[What this task involves] Copy out again, unchanged, the line that contains "Contemporary Platinum Toi-et-Moi" and every line after it down to the last line of the data.

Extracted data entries
+++

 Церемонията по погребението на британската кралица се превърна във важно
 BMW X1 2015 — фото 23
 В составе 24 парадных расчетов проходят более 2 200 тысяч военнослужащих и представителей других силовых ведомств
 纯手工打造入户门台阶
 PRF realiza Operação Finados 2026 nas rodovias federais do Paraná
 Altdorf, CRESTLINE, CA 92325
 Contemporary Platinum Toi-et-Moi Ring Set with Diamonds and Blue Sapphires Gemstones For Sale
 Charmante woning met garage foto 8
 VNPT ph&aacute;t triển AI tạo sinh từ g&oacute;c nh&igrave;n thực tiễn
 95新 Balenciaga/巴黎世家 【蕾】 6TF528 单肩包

+++

[Solution below]
 Contemporary Platinum Toi-et-Moi Ring Set with Diamonds and Blue Sapphires Gemstones For Sale
 Charmante woning met garage foto 8
 VNPT ph&aacute;t triển AI tạo sinh từ g&oacute;c nh&igrave;n thực tiễn
 95新 Balenciaga/巴黎世家 【蕾】 6TF528 单肩包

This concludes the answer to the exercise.